Leslie Rutledge, Att'y Gen., by: Pamela Rumpz, Sr. Ass't Att'y Gen., for appellee.

BRANDON J. HARRISON, CHIEF JUDGE.

In 2018, a jury found Josh M. Barrett guilty of six counts of rape. He appealed, and this court affirmed the convictions. Barrett v. State, 2019 Ark.App. 167. Barrett filed a timely postconviction petition in the Pike County Circuit Court and alleged grounds for relief under Arkansas Rule of Criminal Procedure 37. The circuit court convened a hearing on Barrett's Rule 37 petition, received testimony from Barrett and his trial lawyer, John W. Yeargan, Jr., and ultimately denied the petition. Barrett has appealed the denial of his Rule 37 petition. We wholly affirm the circuit court's decision.

I. The Jury Trial

Trial counsel Yeargan's examination of two witnesses during the trial is being challenged. Two critical witnesses during the trial were EB, who is Barrett's biological daughter and the victim of the crimes, and BB, who is EB's brother and Barrett's biological son. A basic summary of the trial testimony places Barrett's Rule 37 arguments into context. We have omitted much of the graphic details in this opinion.

A. EB's Trial Testimony

EB, who was seventeen years old when she testified, said that she lived with her parents until two years before the trial convened.
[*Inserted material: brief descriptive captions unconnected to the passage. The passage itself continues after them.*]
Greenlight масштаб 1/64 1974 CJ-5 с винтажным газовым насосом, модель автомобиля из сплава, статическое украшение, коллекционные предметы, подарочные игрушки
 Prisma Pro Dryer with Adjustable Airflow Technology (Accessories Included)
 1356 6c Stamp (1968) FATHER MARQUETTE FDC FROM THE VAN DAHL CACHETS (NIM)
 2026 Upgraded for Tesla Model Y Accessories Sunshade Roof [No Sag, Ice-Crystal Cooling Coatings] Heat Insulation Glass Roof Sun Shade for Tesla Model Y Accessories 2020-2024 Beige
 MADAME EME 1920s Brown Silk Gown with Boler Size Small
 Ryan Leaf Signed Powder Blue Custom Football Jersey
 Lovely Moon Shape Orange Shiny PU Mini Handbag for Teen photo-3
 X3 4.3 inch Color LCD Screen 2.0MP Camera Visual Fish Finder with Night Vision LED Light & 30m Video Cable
It was approximately two years before the trial when she told her mom that her dad had raped her. When asked what the word "rape" means, EB replied, "It means when his penis goes in my vagina." She described certain events that took place approximately ten years ago in a red brick house "beside the Baptist Church" in Kirby, Arkansas, a house she shared with her brother, mother, and father. EB testified that when she was six or seven years old, her father would take her into the bathroom, set her on the sink, put her back against the wall, hold her legs up, and have intercourse with her. EB could not remember how many times it happened because it occurred so frequently-usually in the mornings when no one else was home and her mother was at work.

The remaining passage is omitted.